Ikutaro Kakehashi passed away on April 1 2017, and a million people finally heard of this wonderful man who created more products than even a million dollar corporation could figure out how to market. Kakehashi created three companies (Ace Tone, Roland and ATV) and is the catalyst for why the sound of synthetic drums – and the Roland TR-808 in particular – proliferated even more widely than the acoustic instruments they sought to emulate.
While updating some of our old mixes the other day, I came across this anecdote from an interview 5 Mag’s Rees Urban conducted with Chicago House Music legend Tyree Cooper. Back in the day, it seems, Tyree (along with Mike Dunn and Hugo H.) borrowed Marshall Jefferson’s TR-808 and didn’t really want to give it back – and some great things (and some great records) happened because of it.
Ikutaro Kakehashi couldn’t have imagined three guys on the southside of Chicago would be fighting over the TR-808 or any of his instruments and the ramifications of that. Or maybe he did. Either way, here’s the story of how nicking Marshall’s 808 lead to the creation of Tyree’s “I Fear The Night”:
Well, myself, Mike Dunn and Hugo H., we had been friends for the last 100,000 years [laughs]… These guys are my brothers.
We used to run this club called “My House”. It was called the “Sheba Disco” at first. That’s where people like Lil’Louis and Lil’John used to get their start from back in the day. It was like 87th & Ashland.
We took it over – me and Mike slept in that place. We were that into that club. We slept in that MF, because we threw our parties in there.
Mike met Marshall [Jefferson] first and Marshall asked if he could bring his equipment to the club. A 707, 808, 727, 303 – everything Marshall had…
We were like, “Since you’re not using this 808, can we give you $20 and borrow it for like a week?” Marshall said, “Yeah, aight man, cool, I’m not using it right now.”
We had the MF for like six months! It went between me, Mike & Hugo. We had that for a while.
Eventually Marshall was like, “Where’s my 808?”
“Oh, Mike’s got it.”
Mike would say, “Hugo’s got it.”
Hugo would say, “No, Mike’s got it,” or “No, Tyree’s got it.”

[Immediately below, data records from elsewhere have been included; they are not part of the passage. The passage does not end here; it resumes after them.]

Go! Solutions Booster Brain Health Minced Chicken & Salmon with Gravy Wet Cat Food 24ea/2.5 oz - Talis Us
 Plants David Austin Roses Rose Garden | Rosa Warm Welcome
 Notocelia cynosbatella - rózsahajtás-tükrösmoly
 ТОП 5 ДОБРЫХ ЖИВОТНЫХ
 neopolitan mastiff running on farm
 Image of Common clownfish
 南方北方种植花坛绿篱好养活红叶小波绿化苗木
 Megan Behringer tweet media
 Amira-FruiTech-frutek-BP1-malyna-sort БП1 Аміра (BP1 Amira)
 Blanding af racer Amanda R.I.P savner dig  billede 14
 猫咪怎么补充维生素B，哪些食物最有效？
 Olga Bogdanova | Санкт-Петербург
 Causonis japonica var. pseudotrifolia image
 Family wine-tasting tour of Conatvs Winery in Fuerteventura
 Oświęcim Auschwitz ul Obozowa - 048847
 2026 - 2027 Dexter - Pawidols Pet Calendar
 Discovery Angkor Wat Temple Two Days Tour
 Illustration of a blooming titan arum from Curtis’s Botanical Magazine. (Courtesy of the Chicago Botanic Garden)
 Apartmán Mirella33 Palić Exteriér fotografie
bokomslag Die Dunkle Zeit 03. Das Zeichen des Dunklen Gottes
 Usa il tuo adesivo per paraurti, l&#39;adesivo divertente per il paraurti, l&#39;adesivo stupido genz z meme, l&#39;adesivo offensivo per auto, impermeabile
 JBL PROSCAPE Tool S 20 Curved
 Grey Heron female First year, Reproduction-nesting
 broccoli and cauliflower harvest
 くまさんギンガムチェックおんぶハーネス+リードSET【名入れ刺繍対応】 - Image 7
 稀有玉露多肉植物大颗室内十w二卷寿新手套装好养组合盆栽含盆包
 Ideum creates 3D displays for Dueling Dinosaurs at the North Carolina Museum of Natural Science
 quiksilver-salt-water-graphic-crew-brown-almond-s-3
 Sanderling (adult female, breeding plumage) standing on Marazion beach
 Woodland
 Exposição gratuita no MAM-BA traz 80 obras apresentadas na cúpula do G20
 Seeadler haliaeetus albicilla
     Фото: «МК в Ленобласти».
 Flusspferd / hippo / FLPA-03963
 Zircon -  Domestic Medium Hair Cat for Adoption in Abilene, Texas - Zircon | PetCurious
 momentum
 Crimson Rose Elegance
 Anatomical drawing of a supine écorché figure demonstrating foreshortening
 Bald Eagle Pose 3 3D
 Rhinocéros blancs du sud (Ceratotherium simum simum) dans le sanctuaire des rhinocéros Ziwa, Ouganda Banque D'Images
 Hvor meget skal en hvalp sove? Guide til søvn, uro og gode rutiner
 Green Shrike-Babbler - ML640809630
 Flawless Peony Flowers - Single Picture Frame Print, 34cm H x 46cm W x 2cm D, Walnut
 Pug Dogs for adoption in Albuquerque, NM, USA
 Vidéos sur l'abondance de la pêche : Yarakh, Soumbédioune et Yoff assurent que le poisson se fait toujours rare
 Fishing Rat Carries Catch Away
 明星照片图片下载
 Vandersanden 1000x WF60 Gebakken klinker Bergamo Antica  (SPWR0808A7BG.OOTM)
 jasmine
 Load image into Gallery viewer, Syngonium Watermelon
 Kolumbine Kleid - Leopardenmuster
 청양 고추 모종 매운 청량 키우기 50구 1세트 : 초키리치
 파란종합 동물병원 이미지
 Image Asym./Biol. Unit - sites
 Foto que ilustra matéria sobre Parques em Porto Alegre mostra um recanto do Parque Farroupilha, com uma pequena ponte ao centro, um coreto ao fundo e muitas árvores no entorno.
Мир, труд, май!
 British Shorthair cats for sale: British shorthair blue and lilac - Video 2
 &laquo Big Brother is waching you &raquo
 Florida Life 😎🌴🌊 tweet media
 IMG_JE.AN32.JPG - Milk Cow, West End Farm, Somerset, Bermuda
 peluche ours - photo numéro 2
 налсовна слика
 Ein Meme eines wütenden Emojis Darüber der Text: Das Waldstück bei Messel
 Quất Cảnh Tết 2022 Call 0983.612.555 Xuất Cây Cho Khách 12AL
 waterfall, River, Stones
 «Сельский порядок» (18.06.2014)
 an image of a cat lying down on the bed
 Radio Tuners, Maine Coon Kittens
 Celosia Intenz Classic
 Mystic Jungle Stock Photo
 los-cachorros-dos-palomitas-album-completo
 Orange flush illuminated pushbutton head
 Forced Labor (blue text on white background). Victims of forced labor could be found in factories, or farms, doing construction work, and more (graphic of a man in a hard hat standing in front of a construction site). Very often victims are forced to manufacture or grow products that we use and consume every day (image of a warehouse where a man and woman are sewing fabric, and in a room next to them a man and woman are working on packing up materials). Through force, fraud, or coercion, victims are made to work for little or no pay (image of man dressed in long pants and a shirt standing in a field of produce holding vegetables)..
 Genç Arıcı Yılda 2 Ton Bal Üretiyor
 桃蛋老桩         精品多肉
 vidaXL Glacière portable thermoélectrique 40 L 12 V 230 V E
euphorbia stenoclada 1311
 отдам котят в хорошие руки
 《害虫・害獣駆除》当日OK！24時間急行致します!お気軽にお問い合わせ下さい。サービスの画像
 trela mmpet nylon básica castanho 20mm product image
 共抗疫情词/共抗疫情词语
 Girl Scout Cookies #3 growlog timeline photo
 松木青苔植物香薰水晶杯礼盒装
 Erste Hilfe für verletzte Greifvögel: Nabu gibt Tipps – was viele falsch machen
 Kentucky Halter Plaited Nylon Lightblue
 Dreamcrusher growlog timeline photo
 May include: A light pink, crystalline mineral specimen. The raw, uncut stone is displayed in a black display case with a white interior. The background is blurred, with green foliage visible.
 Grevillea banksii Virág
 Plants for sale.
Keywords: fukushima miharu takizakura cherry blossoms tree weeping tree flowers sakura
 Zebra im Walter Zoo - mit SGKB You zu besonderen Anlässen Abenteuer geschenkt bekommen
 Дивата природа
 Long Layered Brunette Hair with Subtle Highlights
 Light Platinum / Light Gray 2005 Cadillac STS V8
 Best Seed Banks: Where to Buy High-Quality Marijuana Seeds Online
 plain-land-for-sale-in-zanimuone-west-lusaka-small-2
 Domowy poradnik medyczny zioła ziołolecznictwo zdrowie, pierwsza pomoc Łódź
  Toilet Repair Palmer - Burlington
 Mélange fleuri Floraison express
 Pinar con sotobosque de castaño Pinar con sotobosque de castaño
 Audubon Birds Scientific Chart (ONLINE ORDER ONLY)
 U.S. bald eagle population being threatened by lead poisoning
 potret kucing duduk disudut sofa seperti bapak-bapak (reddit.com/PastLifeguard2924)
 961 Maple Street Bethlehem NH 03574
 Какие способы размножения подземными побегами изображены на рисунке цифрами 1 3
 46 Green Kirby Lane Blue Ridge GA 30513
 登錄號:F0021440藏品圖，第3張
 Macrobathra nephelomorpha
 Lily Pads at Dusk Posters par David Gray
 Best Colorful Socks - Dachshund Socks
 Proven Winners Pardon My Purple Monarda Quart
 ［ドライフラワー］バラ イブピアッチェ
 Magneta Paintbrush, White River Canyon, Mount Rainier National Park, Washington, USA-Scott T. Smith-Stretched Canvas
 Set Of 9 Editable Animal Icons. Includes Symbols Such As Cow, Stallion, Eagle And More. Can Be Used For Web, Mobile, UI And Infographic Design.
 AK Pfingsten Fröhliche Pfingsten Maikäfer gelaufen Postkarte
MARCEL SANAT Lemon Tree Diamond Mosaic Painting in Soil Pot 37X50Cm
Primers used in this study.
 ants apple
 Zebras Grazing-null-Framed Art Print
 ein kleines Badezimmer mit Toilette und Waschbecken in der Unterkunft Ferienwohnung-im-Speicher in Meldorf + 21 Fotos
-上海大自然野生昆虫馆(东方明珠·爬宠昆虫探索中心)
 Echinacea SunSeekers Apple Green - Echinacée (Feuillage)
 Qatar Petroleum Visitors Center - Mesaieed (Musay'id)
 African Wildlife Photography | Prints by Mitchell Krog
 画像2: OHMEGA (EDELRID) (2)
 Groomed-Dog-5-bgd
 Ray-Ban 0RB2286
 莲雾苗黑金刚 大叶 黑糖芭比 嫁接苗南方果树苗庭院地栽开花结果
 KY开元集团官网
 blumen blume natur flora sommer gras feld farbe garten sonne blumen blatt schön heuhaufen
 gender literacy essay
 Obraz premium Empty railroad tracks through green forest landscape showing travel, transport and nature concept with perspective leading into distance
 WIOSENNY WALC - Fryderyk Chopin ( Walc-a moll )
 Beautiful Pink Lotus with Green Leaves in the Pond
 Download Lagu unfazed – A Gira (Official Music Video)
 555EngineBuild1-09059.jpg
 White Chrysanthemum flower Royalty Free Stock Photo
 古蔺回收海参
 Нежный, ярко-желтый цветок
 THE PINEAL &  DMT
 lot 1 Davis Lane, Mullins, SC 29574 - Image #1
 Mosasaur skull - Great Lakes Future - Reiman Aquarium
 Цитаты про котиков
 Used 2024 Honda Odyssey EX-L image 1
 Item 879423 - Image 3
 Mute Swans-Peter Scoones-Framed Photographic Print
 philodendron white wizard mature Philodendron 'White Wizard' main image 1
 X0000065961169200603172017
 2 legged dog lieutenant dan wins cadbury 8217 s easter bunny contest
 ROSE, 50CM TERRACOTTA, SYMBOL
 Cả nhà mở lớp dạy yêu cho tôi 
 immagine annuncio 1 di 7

Then I got it and gave it back to him. So “I Fear The Night” came up out of that. I just wanted to do a record and have a drum machine. Me, Hugo and Mike worked on the drums but by the time I got to the studio I couldn’t remember which patterns were which, so I had to try to figure it out. It would have come out a bit different if I remembered the patterns. I think the second part of it with the snare rolls was Hugo’s influence. I’m not even too sure. I lost the tape with the shit that was on it.